In questa situazione, gli interessi dell’Europa coincidono poco con quelli statunitensi. I maggiori Stati europei (Germania, Francia, Italia) hanno proficue relazioni con la Russia sul piano economico e l’aspetto non riguarda soltanto le strategiche forniture di gas. I principali Stati fondatori dell’Ue non hanno alcun interesse a innalzare la tensione con la Russia: lo dimostra il prudente atteggiamento tedesco (sin quasi all’imbarazzo), lo si vede nella dinamicità diplomatica della Francia che è la più propositiva nel lanciare proposte di mediazione, e lo si nota anche nella posizione più defilata mantenuta dalla nostra diplomazia, non indifferente al peso dello scambio commerciale tra Italia e Russia, aspetti che la videoconferenza di Vladimir Putin con una rappresentanza dell’imprenditoria italiana ha posto in piena luce.
All’Unione europea non conviene un conflitto né l’atteggiamento di fondo della diplomazia di Bruxelles appare così intransigente nello stabilire linee nette nel rapporto tra Mosca e Kiev. Si dice che in gioco ci sia l’autodeterminazione (quindi la piena indipendenza) dell’Ucraina a scegliersi liberamente le proprie alleanze, dal punto di vista politico verso l’Ue e conseguentemente dal punto vista di militare verso la Nato.
In realtà, il nodo del problema in termini geopolitici non riguarda il livello di libertà consentito all’Ucraina, ma la leadership statunitense in Europa e la sua relazione di potere con la Russia. Gli Stati Uniti sono chiamati a compattare nella propria linea di intransigenza gli alleati europei e, al contempo, devono dimostrare la capacità di far desistere la Russia dalle sue pretese. Centrando questo obiettivo, gli Usa si porrebbero in una posizione di forza anche sullo scenario asiatico di fronte al principale competitor economico e militare quale è la Cina dove sotto la cenere, ma le braci accese sono evidenti, cova il proposito di Pechino di ricongiungere Taiwan al proprio territorio.
Letta in questi termini, la crisi ucraina è molto più complicata delle ragioni che originariamente sono alla base della contesa.
L’Ucraina è un paese con una superficie che è quasi il doppio di quella italiana (ma con 18.000.000 milioni di abitanti in meno), il cui territorio a est si insinua tra il Mar Nero e penetra nelle grandi pianure russe. Tra Kiev e Mosca ci sono 860 chilometri: non vi è dubbio che le armi strategiche della Nato – se l’Ucraina vi aderisse – renderebbero la capitale russa decisamente vulnerabile. La politica di potenza avviata da Putin non permetterebbe mai uno scenario simile perché sarebbe la fine del grande autocrate e del suo disegno.
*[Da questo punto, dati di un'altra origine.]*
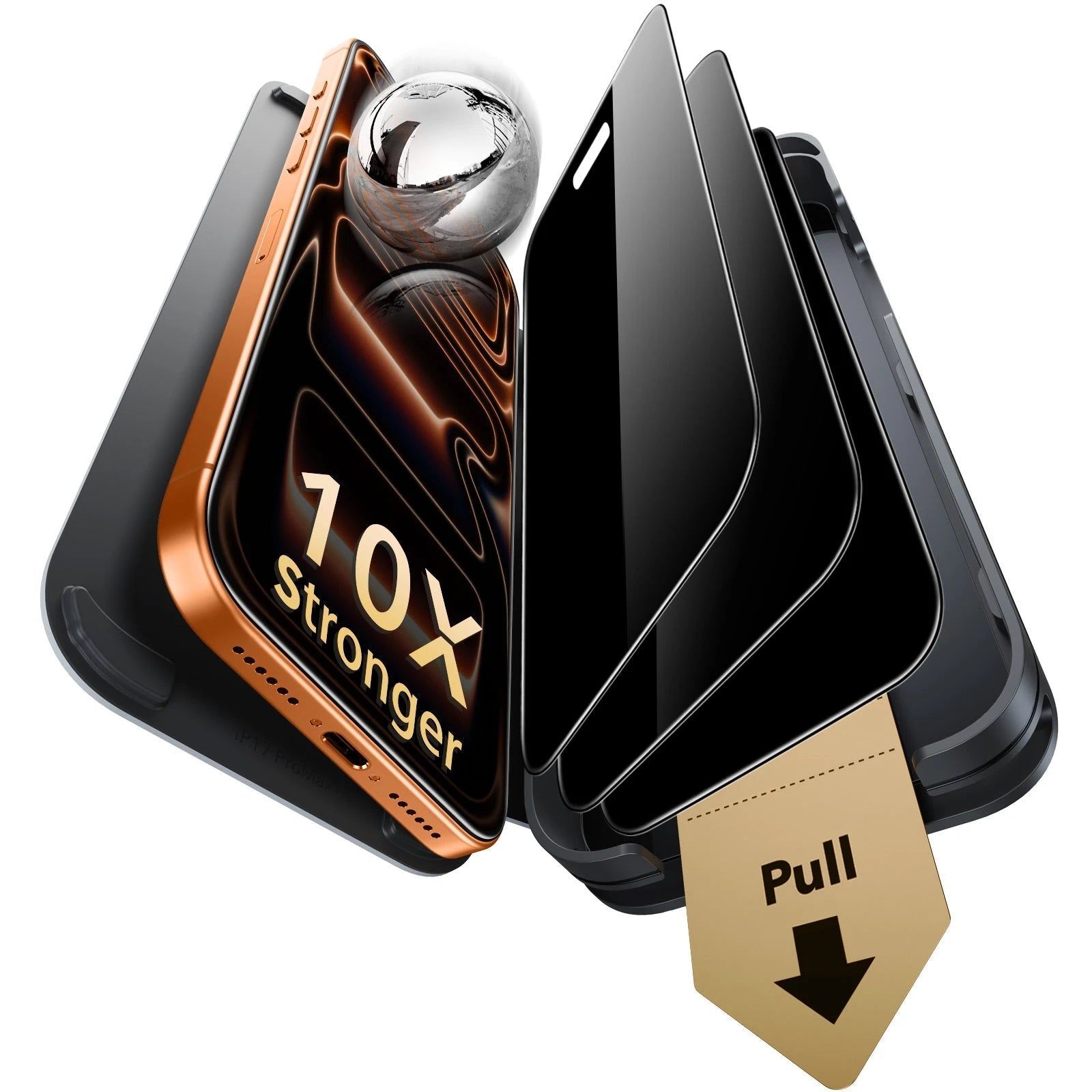 ESR iPhone 17 Pro Max Corning Glass Privacy Screen Protector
Con la fine dell’Urss nel 1991 e, ancora, in anni più recenti, durante l’amministrazione di Barak Obama, i rapporti tra Stati Uniti e Russia si erano incanalati nel riconoscimento della tradizionale sfera di influenza russa su Ucraina e Georgia.
Questo realisticamente significa – e dovrebbe sostenerlo l’Unione europea – che in questa area vanno contemplati Stati cuscinetto, in una condizione di neutralità tra Russia e Occidente. Se l’Europa vuol far sentire la sua voce nel suo territorio, questa sarebbe l’occasione giusta.